[Start of Attachment]

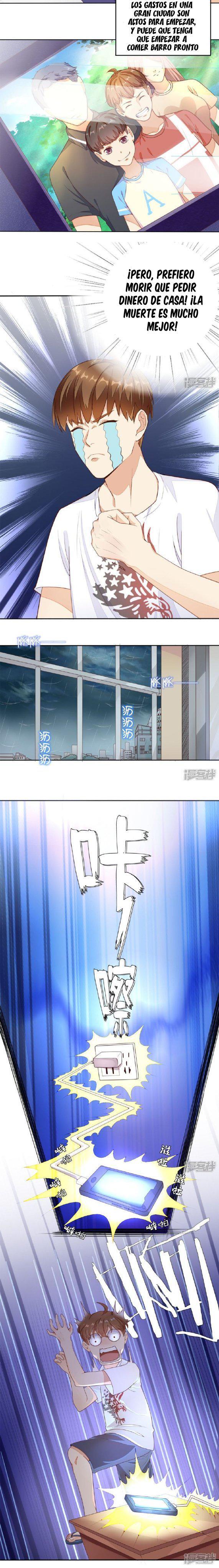 Capitulo 1 page 4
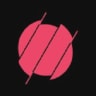 Triller logo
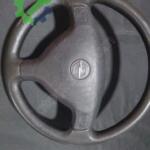Opel Astra 1998-2005 Orijinal Çıkma Direksiyon Simidi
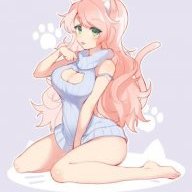 SakuraOwO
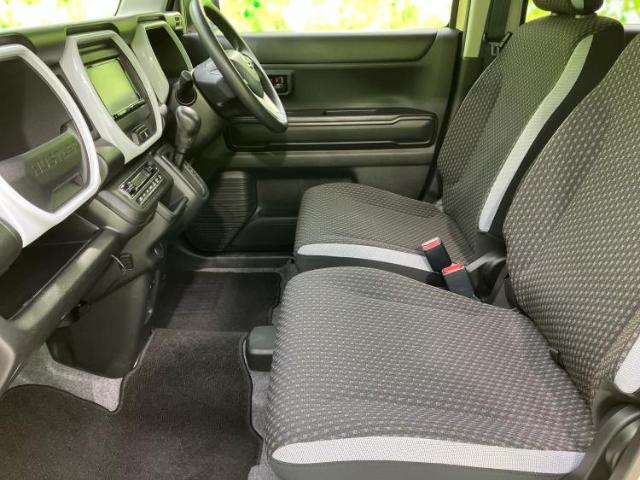 ネットで車を見ていてもイメージが湧かない・・・色々な会社や車がありすぎて何が良いのか分からない・・・そうお考えのお客様！ご相談のみでもOKです！WECARSでは中古車購入の基本をお伝えします！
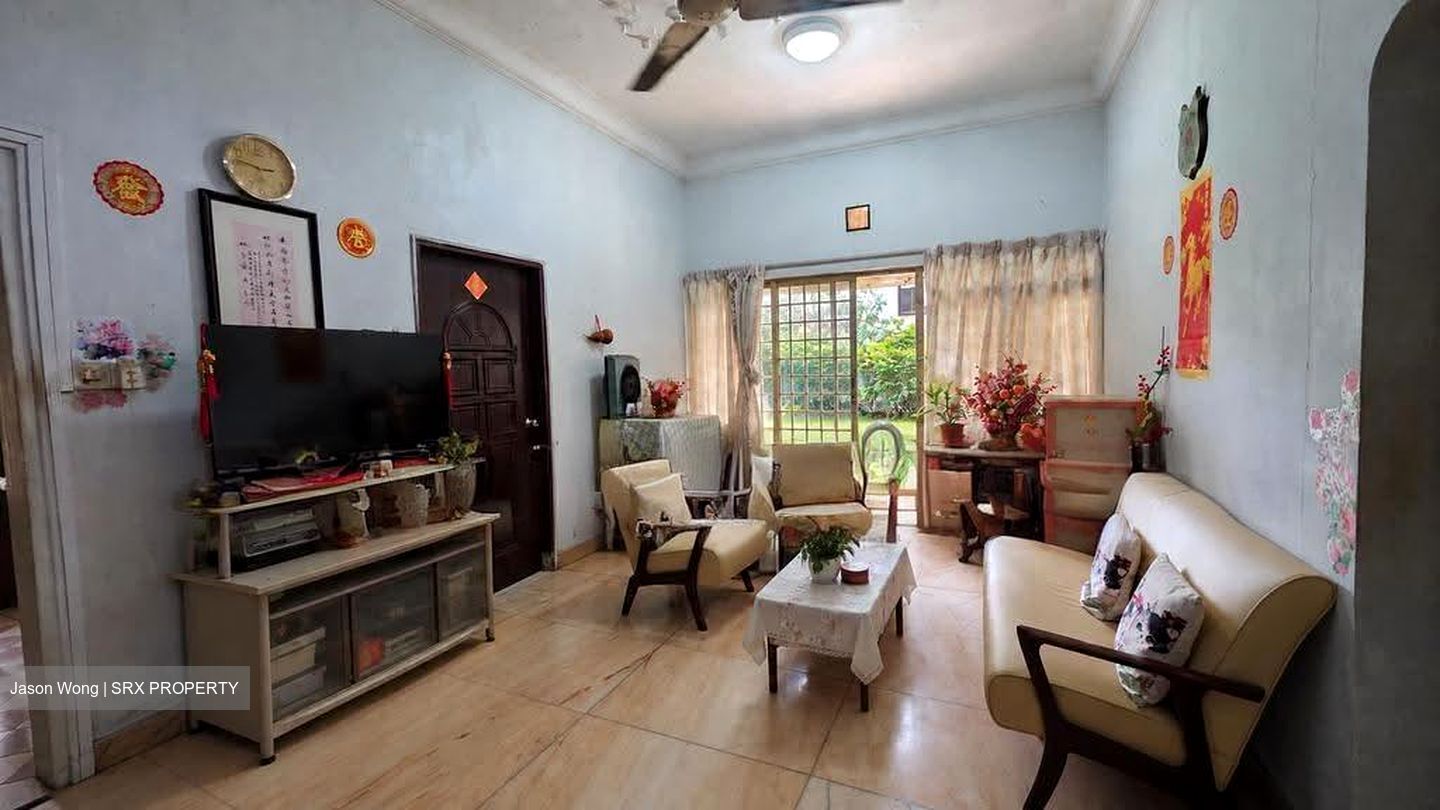 East Grove (D15), Apartment #630163261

[End of Attachment]

_Task directions_. Extract, word for word, every line from the one containing "Opel Astra 1998-2005" to the end of the data above, both ends included, and leave out the pictures.

_Worked solution_.
Opel Astra 1998-2005 Orijinal Çıkma Direksiyon Simidi
 SakuraOwO
 ネットで車を見ていてもイメージが湧かない・・・色々な会社や車がありすぎて何が良いのか分からない・・・そうお考えのお客様！ご相談のみでもOKです！WECARSでは中古車購入の基本をお伝えします！
 East Grove (D15), Apartment #630163261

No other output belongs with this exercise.